# TASK OBJECTIVE:
Pictures stay out of the copy, and everything else in the data below is repeated exactly.

# EXTRACTED INFORMATION:
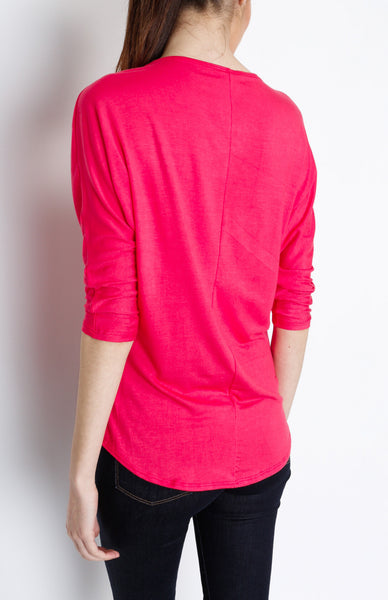 Pink 3/4 Knit Dolman Top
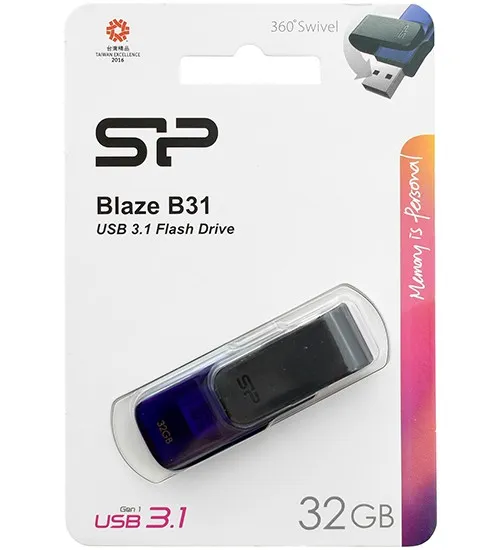 USB флешка 32GB Silicon Power Blaze B31 SP032GBUF3B31V1U USB 3.1 black-violet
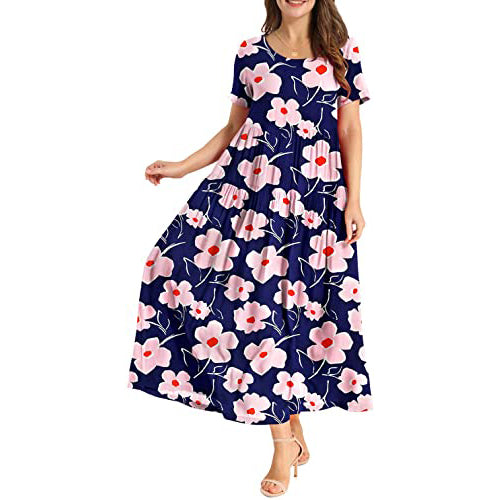 Women Casual Loose Bohemian Floral Dress Women's Dresses Blue/Pink S - DailySale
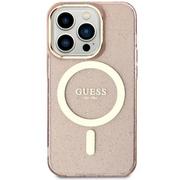 Etui i futerały do telefonów - Guess GUHMN61HCMCGP iPhone 11 / Xr 6.1" różowy/pink hardcase Glitter Gold MagSafe - miniaturka - grafika 1
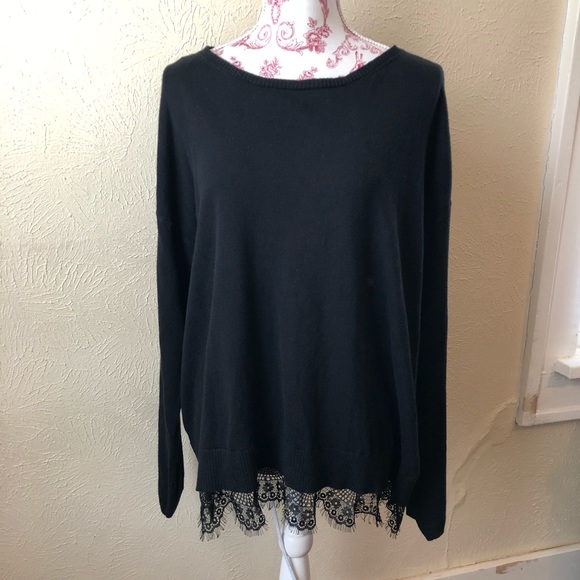 Lane Bryant Sweaters - Lane Bryant Lace Tail Sweater 18/20 Black Cotton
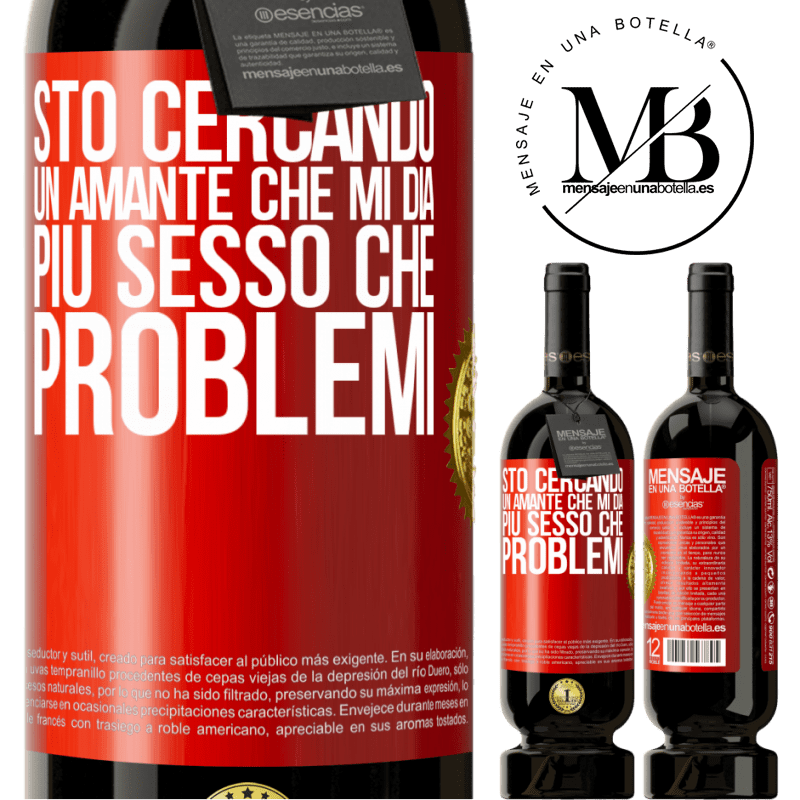 49,95 € Spedizione Gratuita | Vino rosso Edizione Premium MBS® Riserva Sto cercando un amante che mi dia più sesso che problemi Etichetta Rossa. Etichetta personalizzabile Riserva 12 Mesi Raccogliere 2014 Tempranillo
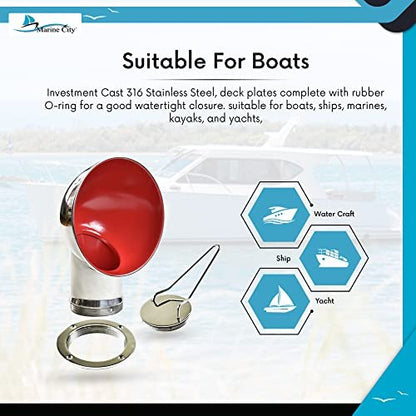 Marine City 304 Stainless Steel Round Red Cowl Vent with 3” Deck Plate & Key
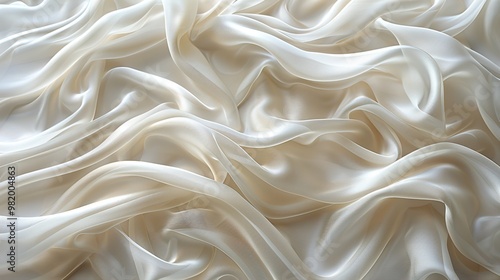 Soft White Silk Fabric Drape Texture - Elegant and Minimalist Background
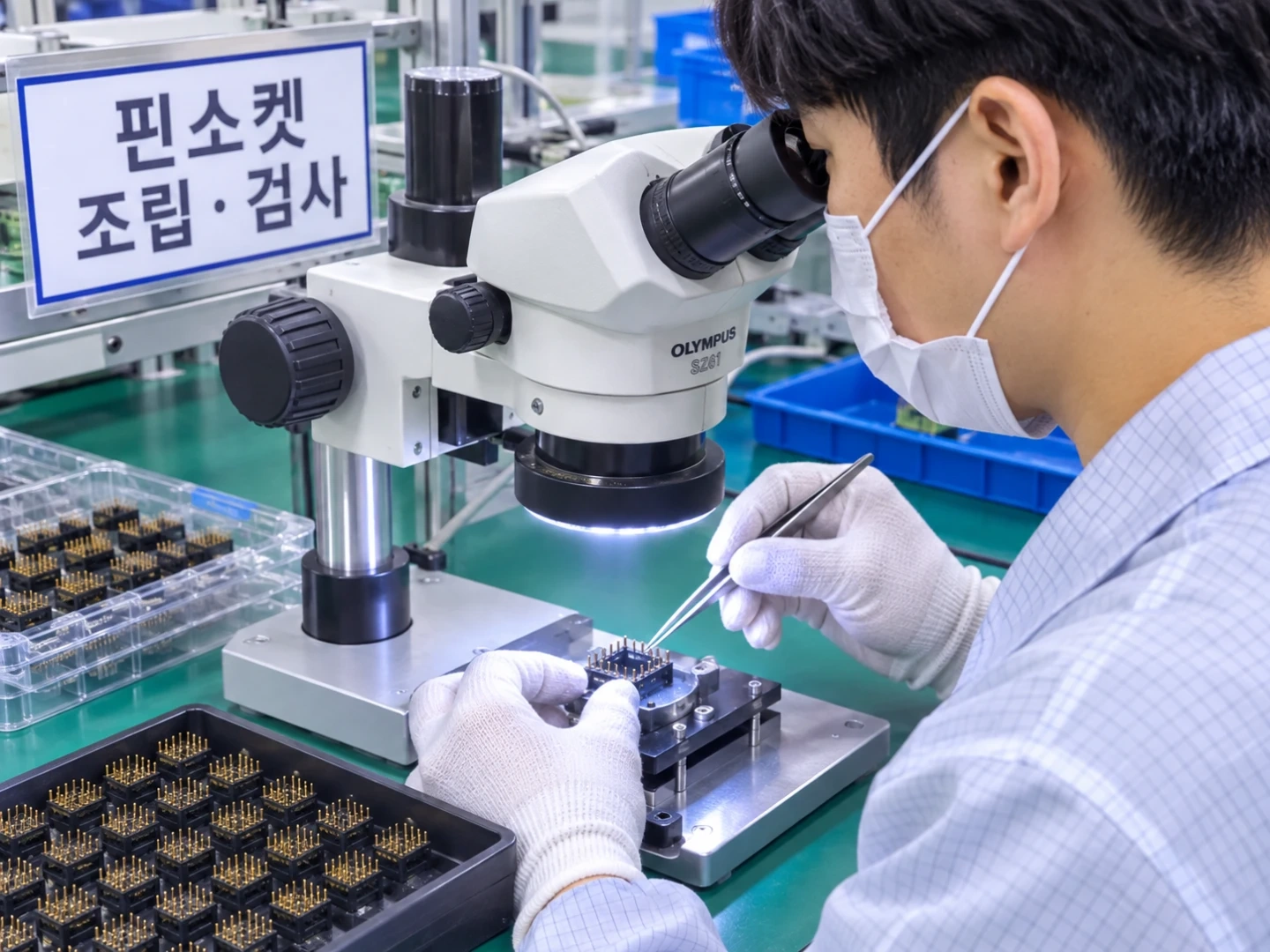 핀,소켓 조립 검사 주5일좌식근무초보가능자차출근가능자
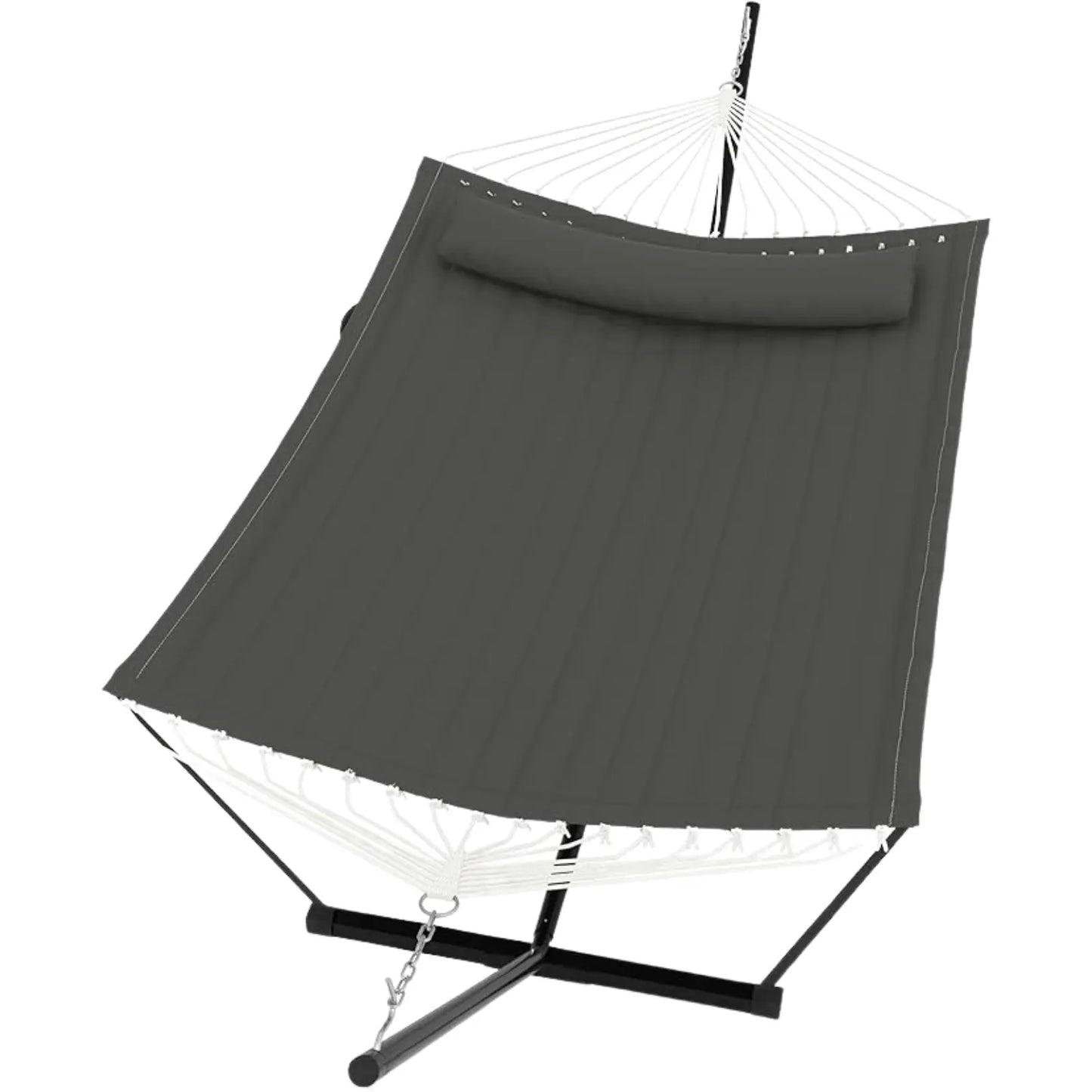 Experience Ultimate Relaxation with Our Heavy-Duty Portable Double Hammock for Two – Complete with Pillow & Adjustable Steel Stand, 475 Lbs Capacity – Perfect for Outdoor Patios, Gardens, Beaches, and Backyards this Summer!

# RESULT FOR THIS TASK:
 Pink 3/4 Knit Dolman Top
 USB флешка 32GB Silicon Power Blaze B31 SP032GBUF3B31V1U USB 3.1 black-violet
 Women Casual Loose Bohemian Floral Dress Women's Dresses Blue/Pink S - DailySale
 Etui i futerały do telefonów - Guess GUHMN61HCMCGP iPhone 11 / Xr 6.1" różowy/pink hardcase Glitter Gold MagSafe - miniaturka - grafika 1
 Lane Bryant Sweaters - Lane Bryant Lace Tail Sweater 18/20 Black Cotton
 49,95 € Spedizione Gratuita | Vino rosso Edizione Premium MBS® Riserva Sto cercando un amante che mi dia più sesso che problemi Etichetta Rossa. Etichetta personalizzabile Riserva 12 Mesi Raccogliere 2014 Tempranillo
 Marine City 304 Stainless Steel Round Red Cowl Vent with 3” Deck Plate & Key
 Soft White Silk Fabric Drape Texture - Elegant and Minimalist Background
 핀,소켓 조립 검사 주5일좌식근무초보가능자차출근가능자
 Experience Ultimate Relaxation with Our Heavy-Duty Portable Double Hammock for Two – Complete with Pillow & Adjustable Steel Stand, 475 Lbs Capacity – Perfect for Outdoor Patios, Gardens, Beaches, and Backyards this Summer!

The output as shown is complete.